* Records provided *
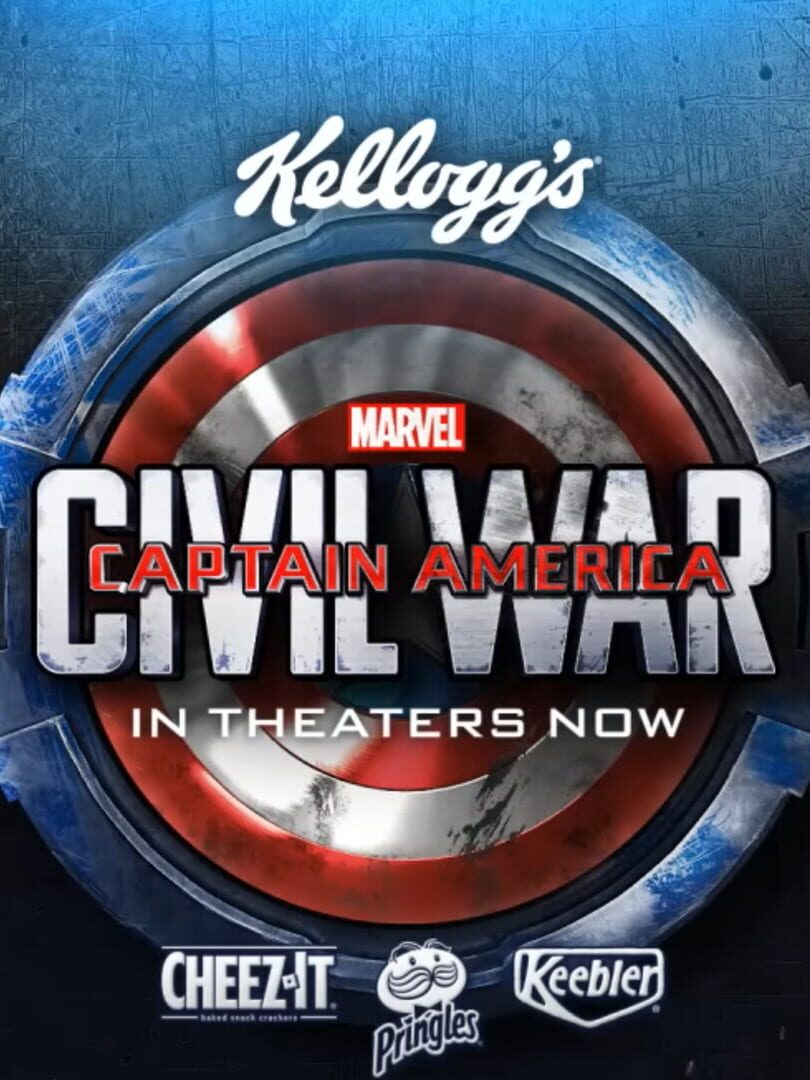 Kellogg's Marvel's Civil War VR (2016)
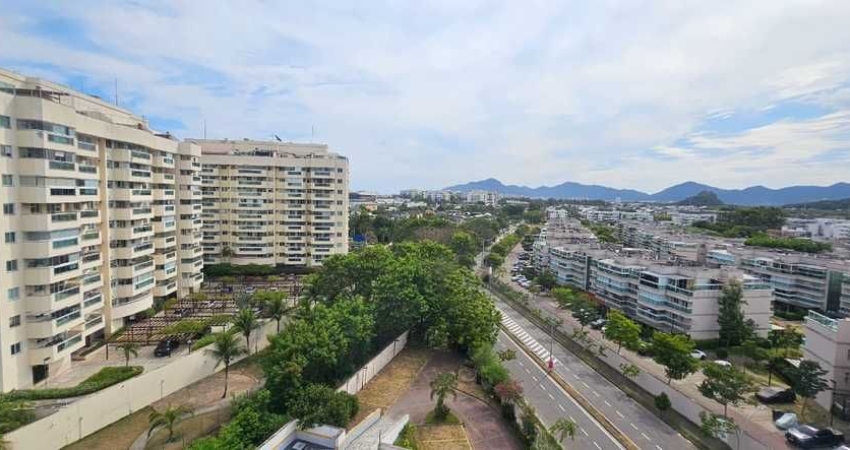 Barra Wave - Apartamento com 3 quartos 81m²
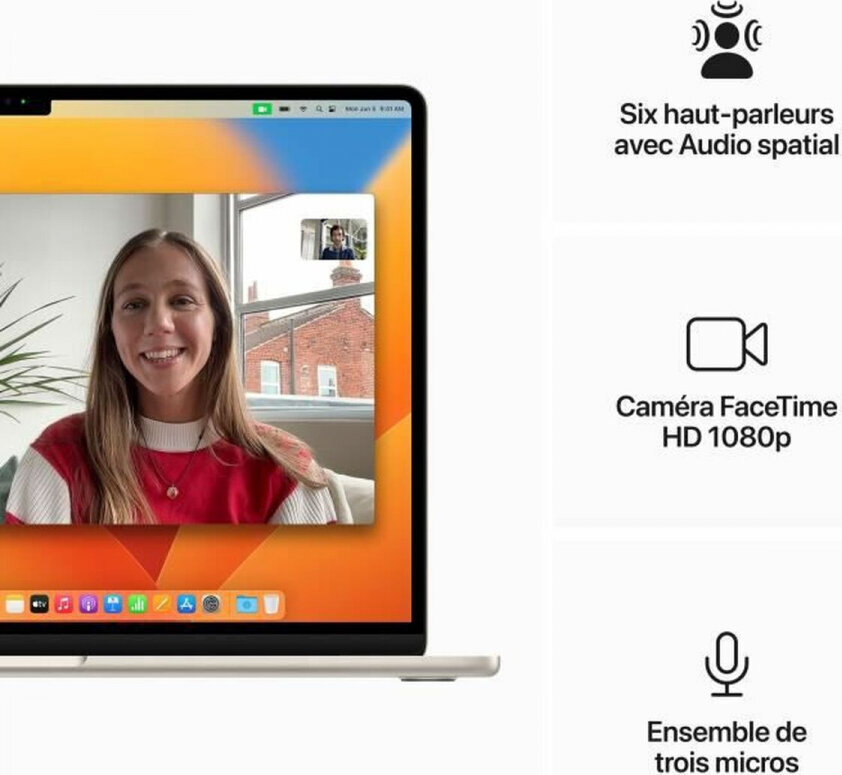 Apple MacBook Air cena un informācija | Portatīvie datori | 220.lv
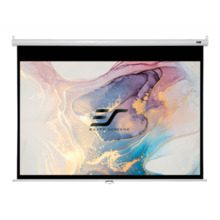 Projektori ekraan Elite Screens M71XWS1, 127 x 127 cm, valge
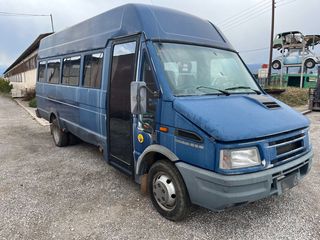 Φορτηγό Έως 7.5τ Iveco 1997 DAILY TURBO 45-12-thumb-10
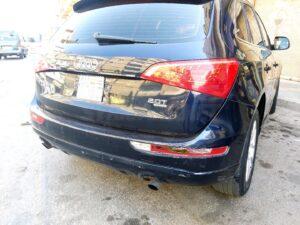 اودي – Audi Q5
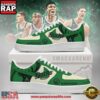Milwaukee Bucks NBA New 2026 Version Air Force 1 Sneakers Shoes 2 Milwaukee Bucks NBA New 2026 Version Air Force 1 Sneakers Shoes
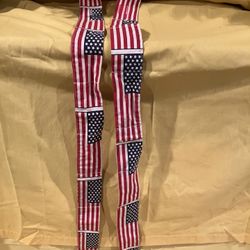 Flag Neck Coolies
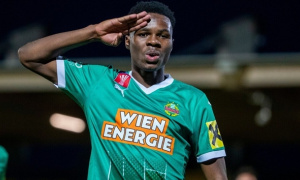 Man Utd đại chiến Chelsea vì viên ngọc quý Mamadou Sangare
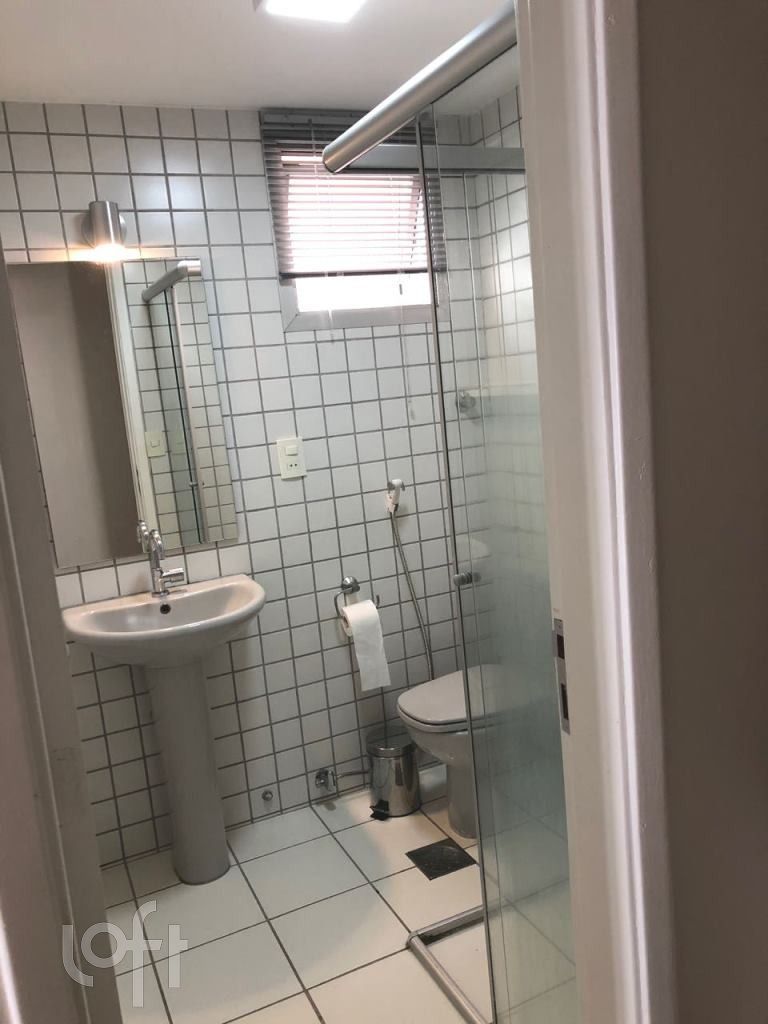 Apartamento, 1 quarto, 35 m² - Foto 4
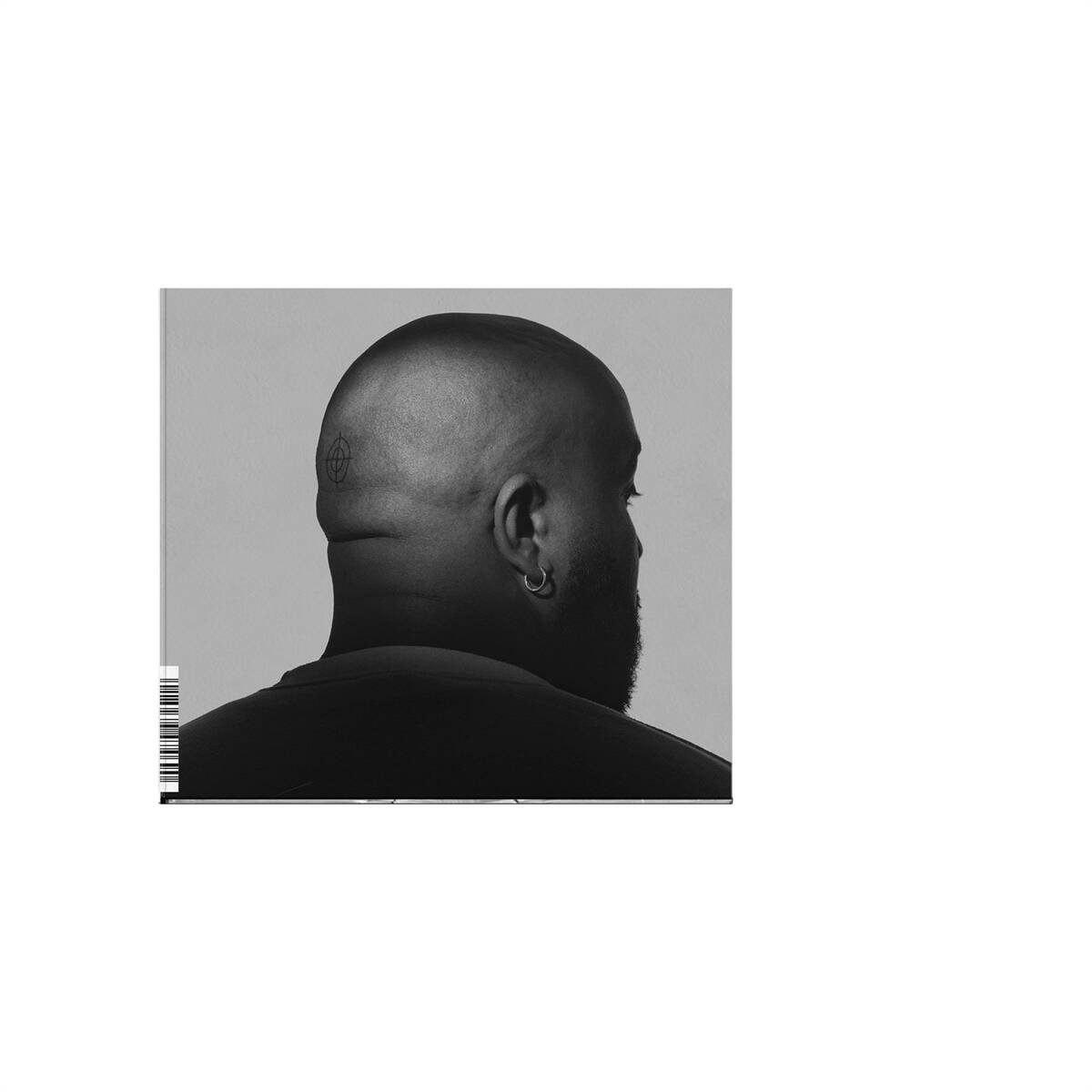 OG Keemo Mann beisst Hund, CD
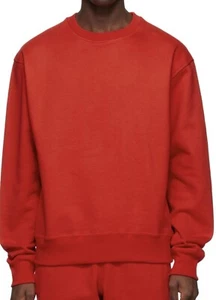 Adidas x Pharrell Williams Unisex Crewneck Sweatshirt HUMANRACE, Sz Large, NWT - Picture 1 of 5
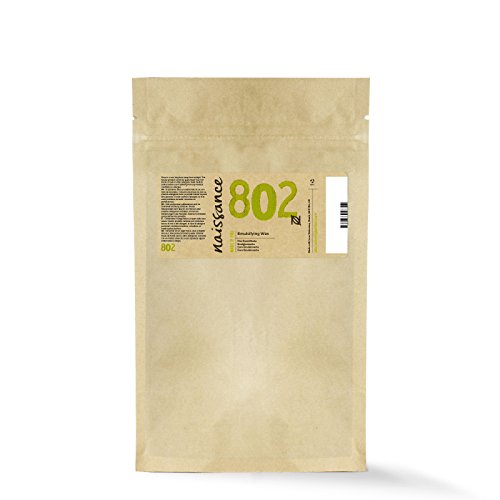Preisvergleich Produktbild Naissance Emulgierwachs (Nr. 802) 200g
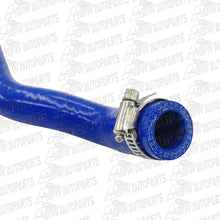 Load image into Gallery viewer, Tube PCV Silicone Hose for Holden Colorado 7 RG 2.8L LS LTZ LT LX Z71 2012-2020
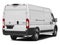 2026 RAM ProMaster Cargo Van Tradesman 3500 High Roof Ext 159" WB w/Pass Seat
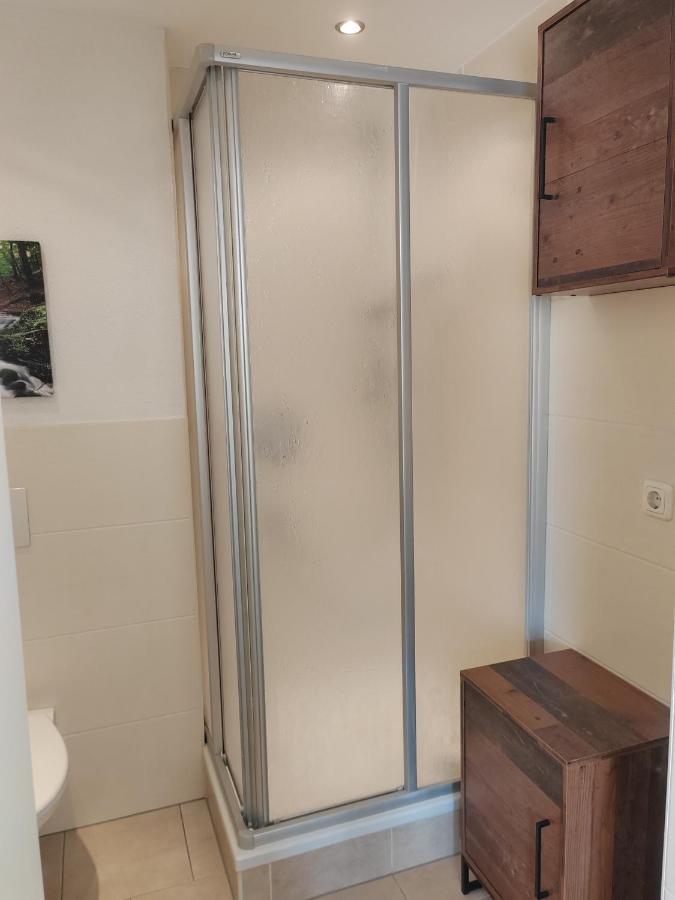 Ferienwohnung Elbtraum Pirna Buitenkant foto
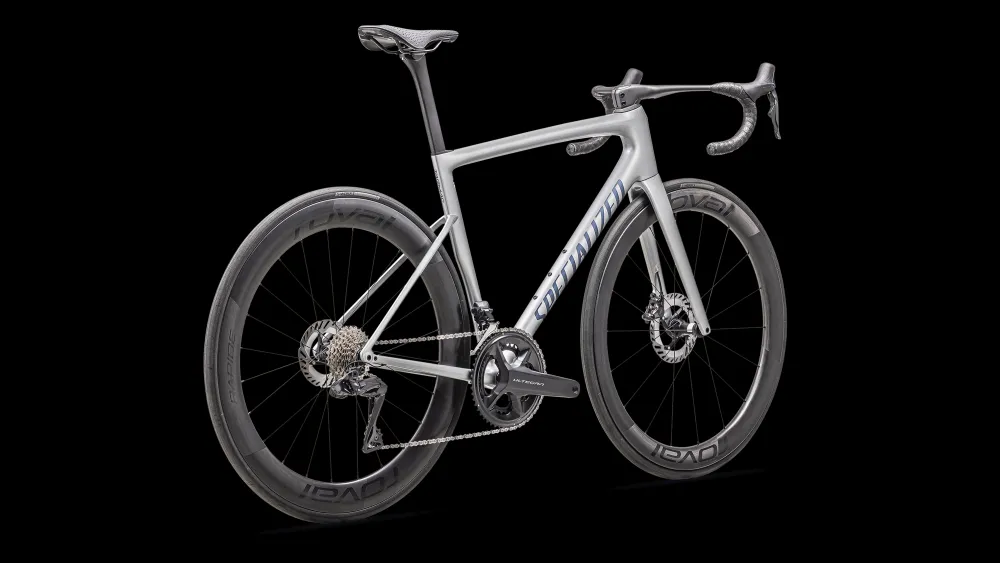 Specialized Tarmac SL8 Pro - Ultegra Di2> Performance·Tarmac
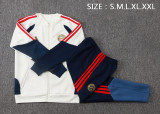 FCB 26/27 Training Jacket and Pants Set A26064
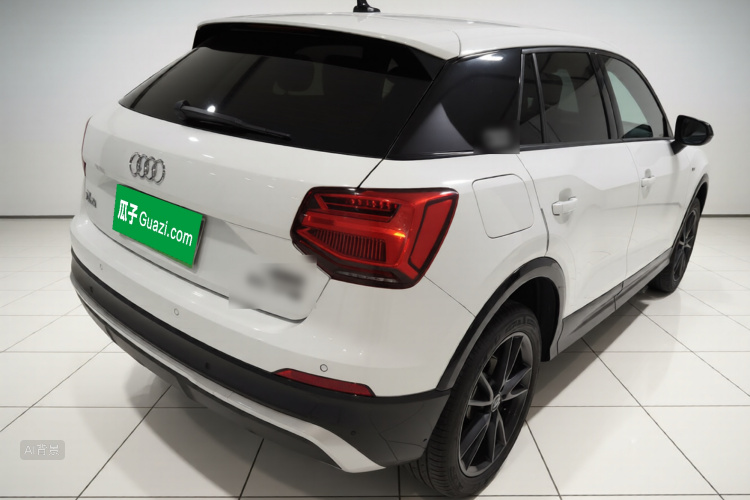 Q2L 2021 car image #7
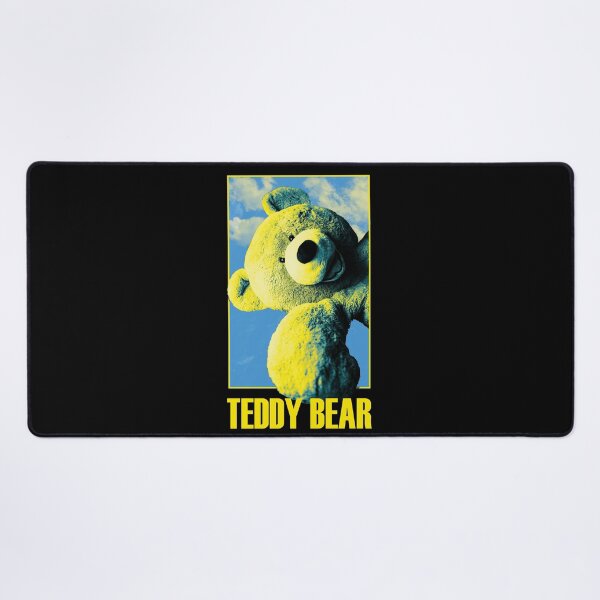 Item preview, Teddy Bear Picture designed and sold by Made-By-Art.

* Exercise *
Lines from the one with "Q2L 2021 car image #7" through the final line of the records are the whole answer; print them exactly, minus any pictures.

* Your solution *
 Q2L 2021 car image #7
 Item preview, Teddy Bear Picture designed and sold by Made-By-Art.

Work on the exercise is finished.